One of the great indicators of the type of atmosphere we have is the amount of precipitable water in it. Precipitable water essentially tells us how much water would result at the surface if the entire atmosphere were to be squeezed out — like a wet towel. Thus, it is a good indicator of how much moisture is in the entire atmopshere, and not just at the surface. Large-scale changes in precipitable water is often a good indicator that the airmass is changing.
Over the past couple of weeks, we have been developing some of our own computer model forecast images. The main ones we will be using in this article overlay precipitable water, CAPE (Convective Available Potential Energy), CIN (Convective Inhibition), and 1000mb-500mb wind shear (essentially the wind shear [change in wind speed and direction] from the surface up to around half way up the atmosphere).
Today looks to be a transition day.
The forecast for this afternoon shows precipitable water values still well under an inch — indicating a dry atmosphere. Thus, today for the most part should feel similar to how today felt, but perhaps a touch more humid. Skies will be sunny, but high clouds will be on the increase, and highs will be in the low 80s, with little wind.
Notice how the much more moist values are just off to our west.
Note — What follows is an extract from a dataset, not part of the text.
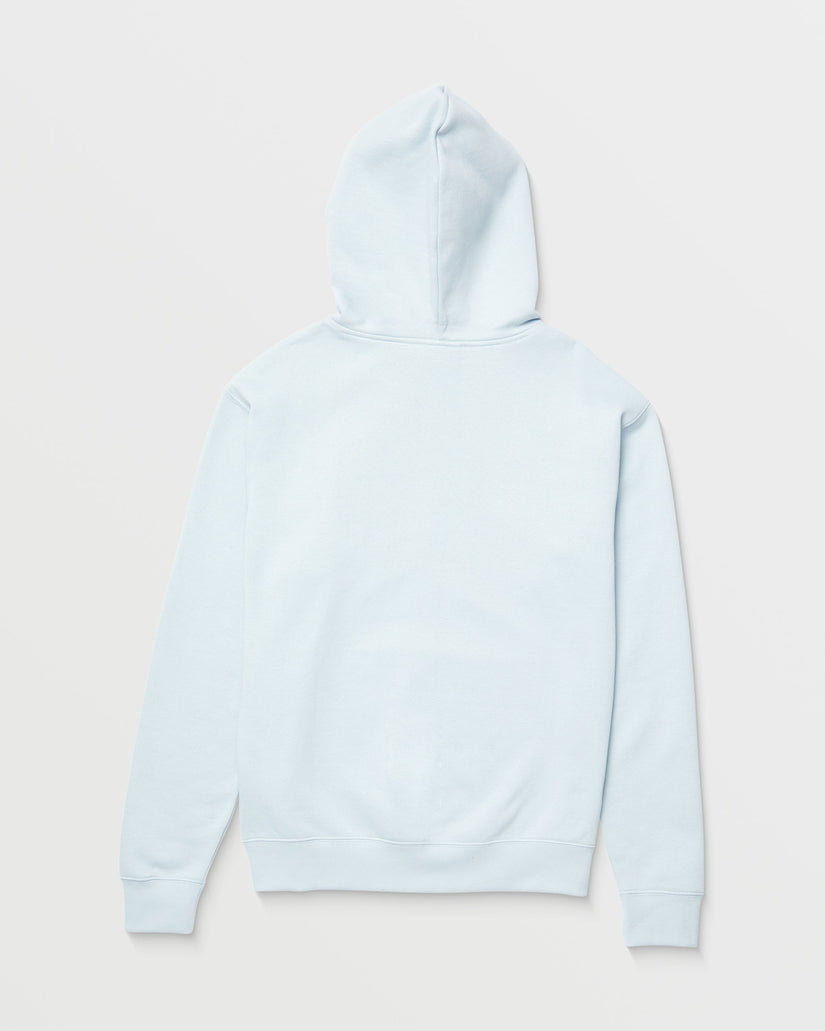 Sweat à Capuche Single Stone - CAROLINA BLUE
Once we move forward to 8:00pm this evening, the moist atmosphere begins to make its way into our area.
What’s also important to note is that much higher CAPE values will also be advancing towards our area. This is an indicator that the atmosphere has the potential to produce thunderstorms. Not surprisingly based on what was just illustrated, a complex of showers and thunderstorms will be moving into the area late on Monday night. Fortunately, the sun setting will decrease the atmospheric instability somewhat, so the highest CAPE values may get delayed until Tuesday afternoon — meaning the showers and thunderstorms should not be severe on Monday night. Regardless, a period of rain with a rumble of thunder is possible as the predecessor of a warmer and more humid airmass.
Tomorrow will be dominated by a strong ridge. This means that despite the relatively high precipitable water values and high CAPE values, there will not be enough of a trigger for thunderstorms, as the ridge will help to place a cap on any lifting. As implied before, however, it will be hot and humid, with partly cloudy skies and temperatures in the upper 80s to around 90. Westerly surface winds will also help to prevent any seabreezes for the most part, as well. The warm, muggy airmass may prevent low temperatures from falling below 70 degrees.
The forecast for tomorrow night shows relatively high CAPE in our area, a pretty moist atmosphere — but not too moist. Too much moisture (generally P-WAT >1.8″) in the atmosphere can sometimes make for the threat to only be heavy rain as opposed to stronger thunderstorms, so the right balance of moisture is there if you want stronger thunderstorms. Our area still has significant convective inhibition, however, indicated by the lightly dashed blue lines. But there is plenty of CAPE to the west along with moderately strong wind shear of 30 to 40 knots all pointed in the same direction. This is a strong indicator for a potential line of severe thunderstorms to form in the Ohio Valley and move eastward throughout Tuesday night and into Wednesday.
Wednesday morning may start off with a line of showers and thunderstorms before clearing out for a few hours. Temperatures will once again be very hot, and humidity will be plentiful — with temperatures probably exceeding 90 in most spots. Sea breezes will also be halted by the westerly flow.
Later in the afternoon, a cold front will be moving eastward along with a shortwave trough in the atmosphere. This will help to weaken the ridging somewhat; and combined with a warm, moist atmosphere, and the factors previously discussed for a strong line of thunderstorms to form to our west, the chance for severe weather exists. The main threats other than thunder and lightning would be strong, gusty winds, and some hail.
We are still a few days away, so we cannot say with definitive confidence that there will be severe weather. But the threat does look to be there.